The answer consists solely of the lines running from the one with "Egyptian Ra Pendant" through the final line below, transcribed exactly and without any pictures.

**Supplied data**
BEGIN
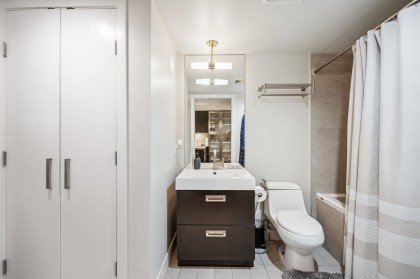 Photo 16 at 301 - 1055 Richards Street, Downtown VW, Vancouver West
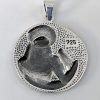 Egyptian Ra Pendant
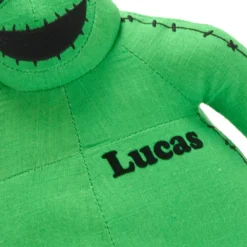 Disney Store Petite Peluche Oogie Boogie 7 Disney Store Petite Peluche Oogie Boogie -FUNKO Boutique 412500121930 3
END
**Response to this task**
 Egyptian Ra Pendant
 Disney Store Petite Peluche Oogie Boogie 7 Disney Store Petite Peluche Oogie Boogie -FUNKO Boutique 412500121930 3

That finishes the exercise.